Question (easy!): What do you notice?

Note

Sorting can also be done using picard. We will be using picard for removing duplicate alignments after sorting. When we build our variant calling pipeline, we will do the sorting with picard just to keep things consistent with downstream processing. The results should be identical.

Indexing read alignments (i.e. indexing .bam)

Indexing a genome sorted .bam file allows one to quickly extract alignments overlapping particular genomic regions. Indexing is also required by genome viewers (for instance IGV) so that the viewers can quickly display alignments in each genomic region to which you navigate. This is essential for large genomes.

Index your .bam file:

samtools index $MYRESULTS/mapping/${sample}.sorted.bam

This will create an additional index file -what’s that file’s extension?-

For instance, now that we have indexed the .bam file, we have the flexibility to extract the alignments from a defined genomic region. We can, for example, extract alignments from the 150th kilobase of the genome.

samtools view $MYRESULTS/mapping/${sample}.sorted.bam NC_000962.3:150000-151000

Question: How many alignments are within NC_000962.3:150000-151000?

Detailed inspection of some alignments

Again, let’s inspect the first 10 alignments in our .bam file in detail:

samtools view $MYRESULTS/mapping/${sample}.sorted.bam | head -n 10

Let’s also inspect just the header. The header in a bam file records important information regarding the reference genome to which the reads were aligned, as well as other information about how the BAM has been processed.
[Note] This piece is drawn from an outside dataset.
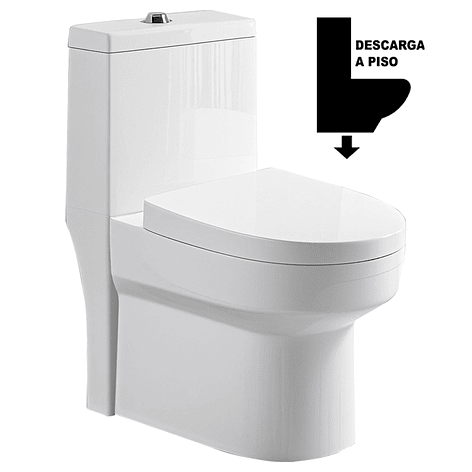 WC One Piece Joytek Millenium 8019 Descarga a Piso 30 cm 1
We can ask the view command to report solely the header by using the -H option. As the downstream programs further process the alignments, they will typically add information about what they did to the header. For now, our header contain bare minimum information.
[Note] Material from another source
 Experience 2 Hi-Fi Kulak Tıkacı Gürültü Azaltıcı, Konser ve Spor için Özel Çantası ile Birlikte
samtools view -H $MYRESULTS/mapping/${sample}.sorted.bam

The FLAG field in the .bam format encodes several key pieces of information regarding how an alignment aligned to the reference genome. We can use this information to isolate specific types of alignments that we want to use in our analysis. Here is a table for the flags right from the manual:

Bit Description
0x1 template having multiple segments in sequencing
0x2 each segment properly aligned according to the aligner
0x4 segment unmapped
0x8 next segment in the template unmapped
0x10 SEQ being reverse complemented
0x20 SEQ of the next segment in the template being reversed
0x40 the first segment in the template
0x80 the last segment in the template
0x100 secondary alignment
0x200 not passing quality controls
0x400 PCR or optical duplicate
0x800 supplementary alignment

For example, we often want to call variants solely from paired-end sequences that aligned “properly” to the reference genome. Can you tell why?
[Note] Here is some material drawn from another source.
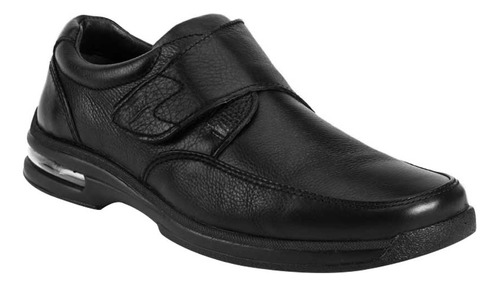 Zapato Flexi Casual Vestir Comodo Con Ajuste 402804 De Piel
To ask the view command to report solely “proper pairs” we use the -f option and ask for alignments where the second bit is true (proper pair is true).

samtools view -f 0x2 $MYRESULTS/mapping/${sample}.sorted.bam
  • Question: How many properly paired alignments are there? How does that number compare to the number you got above using -F?
  • Question: How many improperly paired alignments are there?
  • Question: Using what you played with, how would you calculate the fragment size distribution?